My continuing battle with Flash CS4 is getting to be significantly less stressful through the trial and error of putting this new website of mine together. Fortunately, I'm the kind of person who rarely fucks the same thing up twice (except in the case of relationships, friendships, eating habits, drunk dialing, sexual practices, professional conduct, bill-paying, general spillage and the ever-terrifying sitting-on-one's-own-balls).The main issue, now that I've sorted out most of the coding problems, is the visual motif I'm going with, having all the information - such as popups, buttons, headers etc - printed out on torn scraps of paper that either crinkle, unfurl or boil depending on how the mouse interacts with them. The torn paper look is something that I've always been fond of aesthetically and it's appeared in several previous projects, such as my short film 'Narcissus', the 'Agnosticaust' album artwork and the 'House Guest' graphic novel to name a few.To make it authentic I'm designing the assets, printing them out and scanning them back in, several times in some instances depending on what kind of animation is required. The process is tedium incarnate, but it does look pretty good once it's done.

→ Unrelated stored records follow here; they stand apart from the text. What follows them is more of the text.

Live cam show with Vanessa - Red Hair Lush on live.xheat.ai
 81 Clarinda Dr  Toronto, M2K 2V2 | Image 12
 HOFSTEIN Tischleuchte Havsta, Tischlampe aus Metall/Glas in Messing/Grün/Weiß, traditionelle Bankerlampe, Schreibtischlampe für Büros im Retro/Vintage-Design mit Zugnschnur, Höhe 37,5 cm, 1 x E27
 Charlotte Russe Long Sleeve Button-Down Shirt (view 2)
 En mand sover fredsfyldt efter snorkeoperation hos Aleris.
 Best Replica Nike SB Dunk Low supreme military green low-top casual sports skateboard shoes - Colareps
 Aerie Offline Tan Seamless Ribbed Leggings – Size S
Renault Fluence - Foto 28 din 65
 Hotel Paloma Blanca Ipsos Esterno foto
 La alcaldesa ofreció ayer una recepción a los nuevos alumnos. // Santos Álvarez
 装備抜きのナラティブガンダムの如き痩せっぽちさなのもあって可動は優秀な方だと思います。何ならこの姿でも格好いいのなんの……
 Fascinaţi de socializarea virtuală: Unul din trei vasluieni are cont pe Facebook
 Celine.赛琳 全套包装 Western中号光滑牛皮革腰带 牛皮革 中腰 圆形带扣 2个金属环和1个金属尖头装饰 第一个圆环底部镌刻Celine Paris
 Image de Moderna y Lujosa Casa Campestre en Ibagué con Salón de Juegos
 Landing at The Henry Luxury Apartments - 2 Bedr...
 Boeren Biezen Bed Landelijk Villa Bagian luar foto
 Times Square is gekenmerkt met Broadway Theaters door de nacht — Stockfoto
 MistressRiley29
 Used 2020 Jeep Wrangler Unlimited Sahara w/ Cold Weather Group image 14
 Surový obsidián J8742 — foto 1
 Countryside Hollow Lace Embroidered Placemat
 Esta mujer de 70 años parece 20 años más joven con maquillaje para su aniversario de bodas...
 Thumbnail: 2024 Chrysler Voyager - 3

The popups themselves consist of six books, fourteen music projects, seven short films and seven music videos, along with bio information and several other elements that have no function other than being ornamental.The site has five sections, the main page which incorporates some personal info, links and news updates; Music; Film/Animation; Design/Illustration; and Books/Comics. Each of these has a different backdrop, a collage of visuals tailored to each section (eg. the 'Books' section features imagery from various comics and graphic novels, 'Music' features album artwork and so on). The sub-sections have the same opening animation to help stick with the theme, a reverse paper-scrunch that quickly smooths out.I'm liking the way it's coming together although I'm a little concerned that, with all the visual elements, the loading times for each page may frustrate visitors. Gonna file that one under 'bridge to cross once gotten to'.